Mulvaney didn’t dispute the conventional wisdom that Republicans would lose the spin game of a shutdown over Planned Parenthood. But his argument in favor of trying anyway was revealing. The conservative base put Republicans in charge of Congress, and it is the constituency to which the leadership needs to be accountable. And what about the rest of the country? That’s the wrong audience, Mulvaney suggested. “My leadership is trying to appeal to independent and swing voters who don’t care what we do right now and won’t until two or three months before the election,” he told me. The base is paying attention now, in other words. Everyone else will forget about it come election time.

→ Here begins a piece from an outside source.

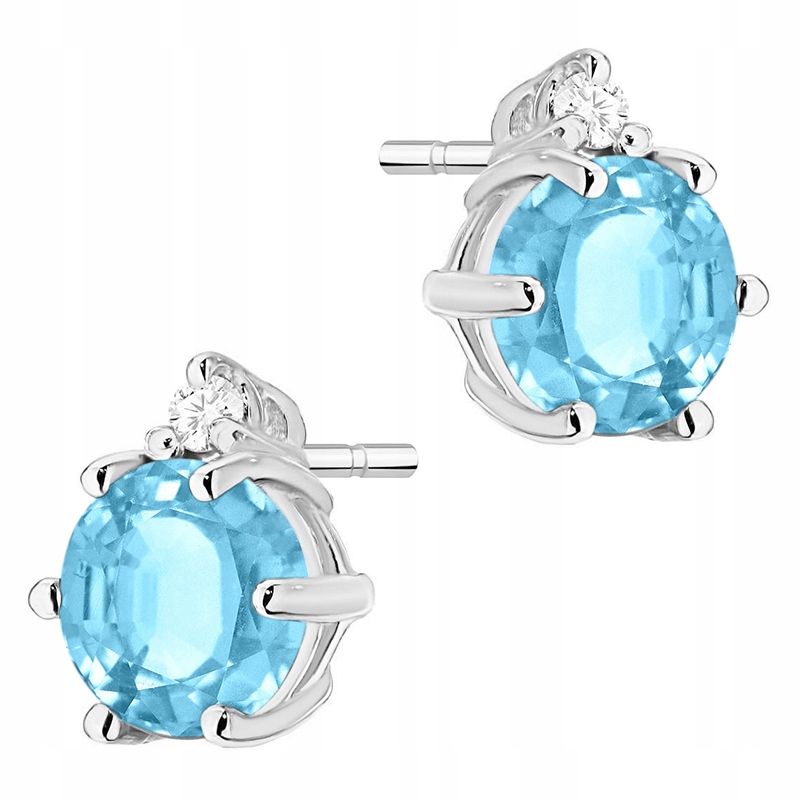 Zlaté Náušnice Dámské Štyft pr. 585 Topaz 1,00 ct a Brilianty 14k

This is, of course, a remarkably cynical view of the current state of American democracy and the ever-shortening attention span of the electorate. But it is instructive as a way to view the latest confrontation on Capitol Hill. It also explains why Boehner has spent much of his speakership banging his head against the wall, and why Beltway insiders awoke Tuesday to read yet another story suggesting his future is in doubt. Mulvaney is not alone in his thinking. He’s secured the written commitment of 28 of his Republican colleagues to oppose any spending bill that does not defund Planned Parenthood—just about enough to force Boehner to rely on Democratic votes to keep the government open.
As I wrote last week, Mulvaney and his allies are trying to use the threat of a coup against Boehner as a way to force him to wage the Planned Parenthood fight. That might not work for a variety of reasons, one of which is that Democrats could bail out Boehner to keep him as speaker. Conservatives like Erick Erickson believe that even if they did, Boehner would be so wounded that his reelection as speaker in 2017 would be impossible. Yet just as Republicans would have over a year to recover politically from any shutdown fallout, so too would Boehner, who has done it before.

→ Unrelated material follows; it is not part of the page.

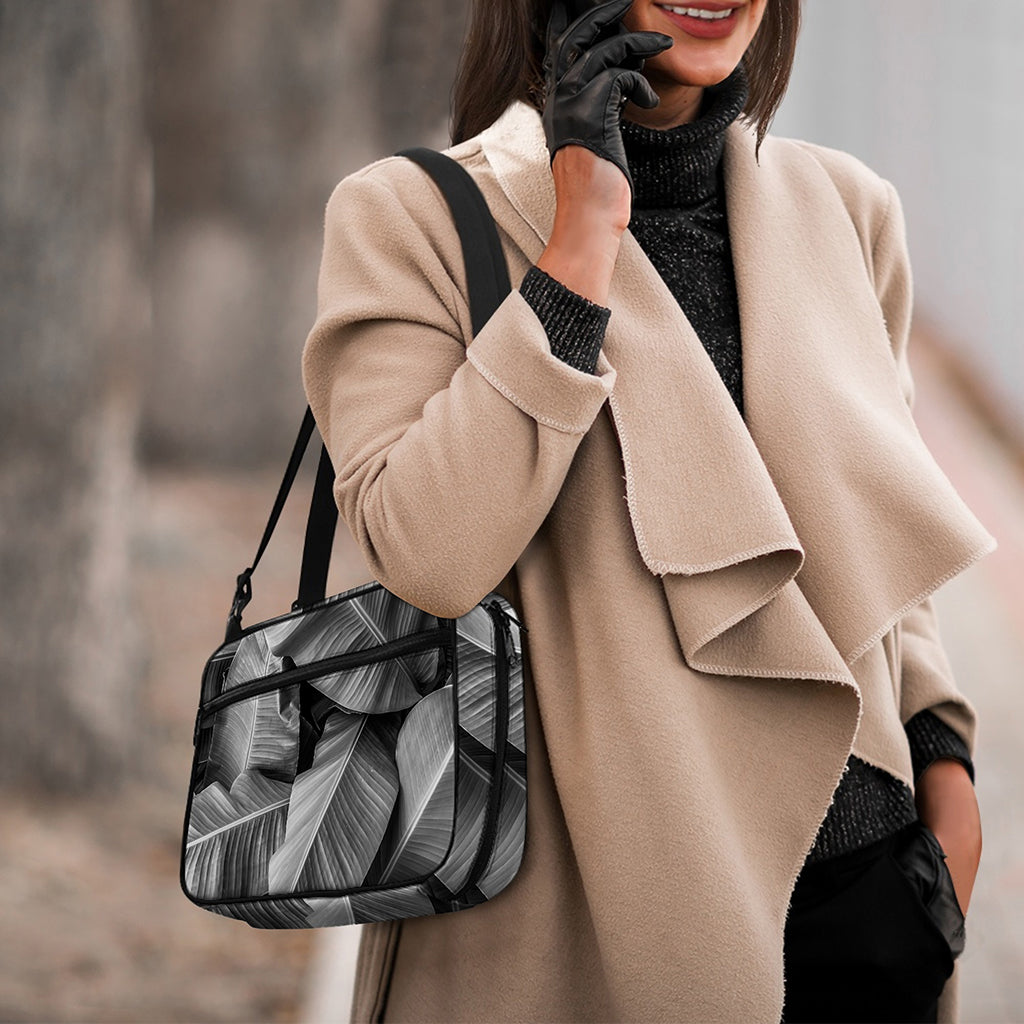Black And White Banana Leaf Print Double Strap Bible Bag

The battle that conservatives are mounting isn’t about Planned Parenthood, and it’s not even really about Boehner, or McConnell for that matter. As Mulvaney told me, the lesson they are taking from the surprising staying power of Donald Trump—that “conservative” who has supported tax hikes, abortion rights, and Democrats in the past—is that the Republican base just wants someone who will fight, anyone and everyone. The September 30 deadline for funding the government is an opportunity to fight, and the fight is what it's all about.